Records from a data source:
******

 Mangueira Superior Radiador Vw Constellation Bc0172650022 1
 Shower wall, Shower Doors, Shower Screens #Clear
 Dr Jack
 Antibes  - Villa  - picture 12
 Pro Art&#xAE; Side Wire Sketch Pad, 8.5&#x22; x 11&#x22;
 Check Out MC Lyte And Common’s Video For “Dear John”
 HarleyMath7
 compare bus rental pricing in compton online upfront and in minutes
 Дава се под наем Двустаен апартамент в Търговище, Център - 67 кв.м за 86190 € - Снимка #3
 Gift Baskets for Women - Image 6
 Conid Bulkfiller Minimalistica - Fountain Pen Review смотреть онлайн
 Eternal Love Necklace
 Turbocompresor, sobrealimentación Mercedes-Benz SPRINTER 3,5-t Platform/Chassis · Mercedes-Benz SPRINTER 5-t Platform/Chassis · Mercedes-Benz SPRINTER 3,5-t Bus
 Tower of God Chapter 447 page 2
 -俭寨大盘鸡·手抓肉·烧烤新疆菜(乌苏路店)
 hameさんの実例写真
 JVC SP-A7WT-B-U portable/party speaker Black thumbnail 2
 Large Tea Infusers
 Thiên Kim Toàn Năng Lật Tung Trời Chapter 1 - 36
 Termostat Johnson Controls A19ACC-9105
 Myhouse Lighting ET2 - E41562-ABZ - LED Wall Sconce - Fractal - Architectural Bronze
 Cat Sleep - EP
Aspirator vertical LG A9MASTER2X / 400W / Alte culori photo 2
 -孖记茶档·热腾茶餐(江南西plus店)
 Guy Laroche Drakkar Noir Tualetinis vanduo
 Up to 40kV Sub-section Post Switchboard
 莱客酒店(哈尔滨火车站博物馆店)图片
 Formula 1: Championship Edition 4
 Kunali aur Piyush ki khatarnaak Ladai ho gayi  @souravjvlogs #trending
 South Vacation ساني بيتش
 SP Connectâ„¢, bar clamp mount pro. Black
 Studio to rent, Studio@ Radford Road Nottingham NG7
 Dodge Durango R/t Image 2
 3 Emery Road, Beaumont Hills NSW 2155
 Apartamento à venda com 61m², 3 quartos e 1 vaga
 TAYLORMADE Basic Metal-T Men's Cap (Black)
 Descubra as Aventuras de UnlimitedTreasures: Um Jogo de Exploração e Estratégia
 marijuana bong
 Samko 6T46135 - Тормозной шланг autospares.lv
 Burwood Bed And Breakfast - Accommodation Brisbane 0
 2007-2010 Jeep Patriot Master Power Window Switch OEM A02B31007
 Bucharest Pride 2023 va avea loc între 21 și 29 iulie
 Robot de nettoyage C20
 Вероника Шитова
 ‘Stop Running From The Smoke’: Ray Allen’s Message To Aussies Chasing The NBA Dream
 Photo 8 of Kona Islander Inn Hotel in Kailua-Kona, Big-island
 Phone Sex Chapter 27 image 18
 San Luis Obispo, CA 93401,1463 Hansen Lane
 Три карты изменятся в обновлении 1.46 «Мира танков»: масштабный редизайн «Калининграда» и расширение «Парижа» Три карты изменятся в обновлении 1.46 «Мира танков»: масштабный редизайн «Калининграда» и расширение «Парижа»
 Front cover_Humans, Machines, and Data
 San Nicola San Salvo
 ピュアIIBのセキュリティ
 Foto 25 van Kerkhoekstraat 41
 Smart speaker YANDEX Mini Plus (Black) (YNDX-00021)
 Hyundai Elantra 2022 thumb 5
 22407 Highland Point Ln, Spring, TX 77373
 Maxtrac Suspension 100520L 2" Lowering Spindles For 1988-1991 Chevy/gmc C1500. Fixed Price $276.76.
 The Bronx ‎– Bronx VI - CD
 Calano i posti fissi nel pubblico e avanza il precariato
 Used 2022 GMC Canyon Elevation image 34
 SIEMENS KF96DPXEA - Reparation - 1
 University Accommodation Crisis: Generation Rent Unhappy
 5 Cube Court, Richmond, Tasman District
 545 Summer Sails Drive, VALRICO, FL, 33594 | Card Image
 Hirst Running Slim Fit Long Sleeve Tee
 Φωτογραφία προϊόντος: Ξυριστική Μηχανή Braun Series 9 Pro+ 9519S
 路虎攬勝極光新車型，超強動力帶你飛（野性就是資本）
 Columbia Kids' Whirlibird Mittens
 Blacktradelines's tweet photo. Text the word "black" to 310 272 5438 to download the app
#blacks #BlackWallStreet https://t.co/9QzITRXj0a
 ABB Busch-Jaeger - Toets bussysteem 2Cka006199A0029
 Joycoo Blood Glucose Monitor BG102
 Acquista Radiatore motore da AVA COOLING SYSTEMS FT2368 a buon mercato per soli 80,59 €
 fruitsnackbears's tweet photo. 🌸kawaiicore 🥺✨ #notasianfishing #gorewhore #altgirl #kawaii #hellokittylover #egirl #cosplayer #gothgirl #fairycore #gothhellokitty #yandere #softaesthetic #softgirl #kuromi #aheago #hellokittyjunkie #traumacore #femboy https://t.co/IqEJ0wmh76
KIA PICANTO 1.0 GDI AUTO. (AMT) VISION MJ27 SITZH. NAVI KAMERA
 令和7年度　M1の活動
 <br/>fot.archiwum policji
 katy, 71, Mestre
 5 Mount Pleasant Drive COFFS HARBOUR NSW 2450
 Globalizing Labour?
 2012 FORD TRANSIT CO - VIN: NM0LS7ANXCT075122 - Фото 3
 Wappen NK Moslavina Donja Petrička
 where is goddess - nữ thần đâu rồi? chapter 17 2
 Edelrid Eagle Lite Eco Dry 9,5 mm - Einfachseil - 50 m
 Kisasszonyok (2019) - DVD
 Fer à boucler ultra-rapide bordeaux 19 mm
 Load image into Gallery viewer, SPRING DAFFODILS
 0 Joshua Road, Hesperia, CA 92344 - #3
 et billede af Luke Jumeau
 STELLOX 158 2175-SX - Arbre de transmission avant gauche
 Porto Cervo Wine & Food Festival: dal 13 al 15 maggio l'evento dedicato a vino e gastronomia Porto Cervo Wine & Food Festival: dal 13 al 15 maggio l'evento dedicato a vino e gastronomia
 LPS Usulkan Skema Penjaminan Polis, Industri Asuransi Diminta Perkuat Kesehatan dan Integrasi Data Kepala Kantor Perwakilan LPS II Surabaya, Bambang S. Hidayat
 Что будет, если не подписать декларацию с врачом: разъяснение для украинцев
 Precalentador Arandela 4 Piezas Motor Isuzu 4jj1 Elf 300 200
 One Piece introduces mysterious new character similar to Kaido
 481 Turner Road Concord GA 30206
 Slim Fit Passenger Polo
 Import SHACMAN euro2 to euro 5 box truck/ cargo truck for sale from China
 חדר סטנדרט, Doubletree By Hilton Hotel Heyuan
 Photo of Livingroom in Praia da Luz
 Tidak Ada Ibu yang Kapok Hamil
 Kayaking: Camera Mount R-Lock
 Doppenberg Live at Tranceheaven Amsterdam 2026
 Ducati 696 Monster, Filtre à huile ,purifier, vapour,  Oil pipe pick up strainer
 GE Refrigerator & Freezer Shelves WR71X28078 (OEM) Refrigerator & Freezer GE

******

> [Task to complete] In the answer, each line of the data must appear exactly as written.

> [Expected output]
 Mangueira Superior Radiador Vw Constellation Bc0172650022 1
 Shower wall, Shower Doors, Shower Screens #Clear
 Dr Jack
 Antibes  - Villa  - picture 12
 Pro Art&#xAE; Side Wire Sketch Pad, 8.5&#x22; x 11&#x22;
 Check Out MC Lyte And Common’s Video For “Dear John”
 HarleyMath7
 compare bus rental pricing in compton online upfront and in minutes
 Дава се под наем Двустаен апартамент в Търговище, Център - 67 кв.м за 86190 € - Снимка #3
 Gift Baskets for Women - Image 6
 Conid Bulkfiller Minimalistica - Fountain Pen Review смотреть онлайн
 Eternal Love Necklace
 Turbocompresor, sobrealimentación Mercedes-Benz SPRINTER 3,5-t Platform/Chassis · Mercedes-Benz SPRINTER 5-t Platform/Chassis · Mercedes-Benz SPRINTER 3,5-t Bus
 Tower of God Chapter 447 page 2
 -俭寨大盘鸡·手抓肉·烧烤新疆菜(乌苏路店)
 hameさんの実例写真
 JVC SP-A7WT-B-U portable/party speaker Black thumbnail 2
 Large Tea Infusers
 Thiên Kim Toàn Năng Lật Tung Trời Chapter 1 - 36
 Termostat Johnson Controls A19ACC-9105
 Myhouse Lighting ET2 - E41562-ABZ - LED Wall Sconce - Fractal - Architectural Bronze
 Cat Sleep - EP
Aspirator vertical LG A9MASTER2X / 400W / Alte culori photo 2
 -孖记茶档·热腾茶餐(江南西plus店)
 Guy Laroche Drakkar Noir Tualetinis vanduo
 Up to 40kV Sub-section Post Switchboard
 莱客酒店(哈尔滨火车站博物馆店)图片
 Formula 1: Championship Edition 4
 Kunali aur Piyush ki khatarnaak Ladai ho gayi  @souravjvlogs #trending
 South Vacation ساني بيتش
 SP Connectâ„¢, bar clamp mount pro. Black
 Studio to rent, Studio@ Radford Road Nottingham NG7
 Dodge Durango R/t Image 2
 3 Emery Road, Beaumont Hills NSW 2155
 Apartamento à venda com 61m², 3 quartos e 1 vaga
 TAYLORMADE Basic Metal-T Men's Cap (Black)
 Descubra as Aventuras de UnlimitedTreasures: Um Jogo de Exploração e Estratégia
 marijuana bong
 Samko 6T46135 - Тормозной шланг autospares.lv
 Burwood Bed And Breakfast - Accommodation Brisbane 0
 2007-2010 Jeep Patriot Master Power Window Switch OEM A02B31007
 Bucharest Pride 2023 va avea loc între 21 și 29 iulie
 Robot de nettoyage C20
 Вероника Шитова
 ‘Stop Running From The Smoke’: Ray Allen’s Message To Aussies Chasing The NBA Dream
 Photo 8 of Kona Islander Inn Hotel in Kailua-Kona, Big-island
 Phone Sex Chapter 27 image 18
 San Luis Obispo, CA 93401,1463 Hansen Lane
 Три карты изменятся в обновлении 1.46 «Мира танков»: масштабный редизайн «Калининграда» и расширение «Парижа» Три карты изменятся в обновлении 1.46 «Мира танков»: масштабный редизайн «Калининграда» и расширение «Парижа»
 Front cover_Humans, Machines, and Data
 San Nicola San Salvo
 ピュアIIBのセキュリティ
 Foto 25 van Kerkhoekstraat 41
 Smart speaker YANDEX Mini Plus (Black) (YNDX-00021)
 Hyundai Elantra 2022 thumb 5
 22407 Highland Point Ln, Spring, TX 77373
 Maxtrac Suspension 100520L 2" Lowering Spindles For 1988-1991 Chevy/gmc C1500. Fixed Price $276.76.
 The Bronx ‎– Bronx VI - CD
 Calano i posti fissi nel pubblico e avanza il precariato
 Used 2022 GMC Canyon Elevation image 34
 SIEMENS KF96DPXEA - Reparation - 1
 University Accommodation Crisis: Generation Rent Unhappy
 5 Cube Court, Richmond, Tasman District
 545 Summer Sails Drive, VALRICO, FL, 33594 | Card Image
 Hirst Running Slim Fit Long Sleeve Tee
 Φωτογραφία προϊόντος: Ξυριστική Μηχανή Braun Series 9 Pro+ 9519S
 路虎攬勝極光新車型，超強動力帶你飛（野性就是資本）
 Columbia Kids' Whirlibird Mittens
 Blacktradelines's tweet photo. Text the word "black" to 310 272 5438 to download the app
#blacks #BlackWallStreet https://t.co/9QzITRXj0a
 ABB Busch-Jaeger - Toets bussysteem 2Cka006199A0029
 Joycoo Blood Glucose Monitor BG102
 Acquista Radiatore motore da AVA COOLING SYSTEMS FT2368 a buon mercato per soli 80,59 €
 fruitsnackbears's tweet photo. 🌸kawaiicore 🥺✨ #notasianfishing #gorewhore #altgirl #kawaii #hellokittylover #egirl #cosplayer #gothgirl #fairycore #gothhellokitty #yandere #softaesthetic #softgirl #kuromi #aheago #hellokittyjunkie #traumacore #femboy https://t.co/IqEJ0wmh76
KIA PICANTO 1.0 GDI AUTO. (AMT) VISION MJ27 SITZH. NAVI KAMERA
 令和7年度　M1の活動
 <br/>fot.archiwum policji
 katy, 71, Mestre
 5 Mount Pleasant Drive COFFS HARBOUR NSW 2450
 Globalizing Labour?
 2012 FORD TRANSIT CO - VIN: NM0LS7ANXCT075122 - Фото 3
 Wappen NK Moslavina Donja Petrička
 where is goddess - nữ thần đâu rồi? chapter 17 2
 Edelrid Eagle Lite Eco Dry 9,5 mm - Einfachseil - 50 m
 Kisasszonyok (2019) - DVD
 Fer à boucler ultra-rapide bordeaux 19 mm
 Load image into Gallery viewer, SPRING DAFFODILS
 0 Joshua Road, Hesperia, CA 92344 - #3
 et billede af Luke Jumeau
 STELLOX 158 2175-SX - Arbre de transmission avant gauche
 Porto Cervo Wine & Food Festival: dal 13 al 15 maggio l'evento dedicato a vino e gastronomia Porto Cervo Wine & Food Festival: dal 13 al 15 maggio l'evento dedicato a vino e gastronomia
 LPS Usulkan Skema Penjaminan Polis, Industri Asuransi Diminta Perkuat Kesehatan dan Integrasi Data Kepala Kantor Perwakilan LPS II Surabaya, Bambang S. Hidayat
 Что будет, если не подписать декларацию с врачом: разъяснение для украинцев
 Precalentador Arandela 4 Piezas Motor Isuzu 4jj1 Elf 300 200
 One Piece introduces mysterious new character similar to Kaido
 481 Turner Road Concord GA 30206
 Slim Fit Passenger Polo
 Import SHACMAN euro2 to euro 5 box truck/ cargo truck for sale from China
 חדר סטנדרט, Doubletree By Hilton Hotel Heyuan
 Photo of Livingroom in Praia da Luz
 Tidak Ada Ibu yang Kapok Hamil
 Kayaking: Camera Mount R-Lock
 Doppenberg Live at Tranceheaven Amsterdam 2026
 Ducati 696 Monster, Filtre à huile ,purifier, vapour,  Oil pipe pick up strainer
 GE Refrigerator & Freezer Shelves WR71X28078 (OEM) Refrigerator & Freezer GE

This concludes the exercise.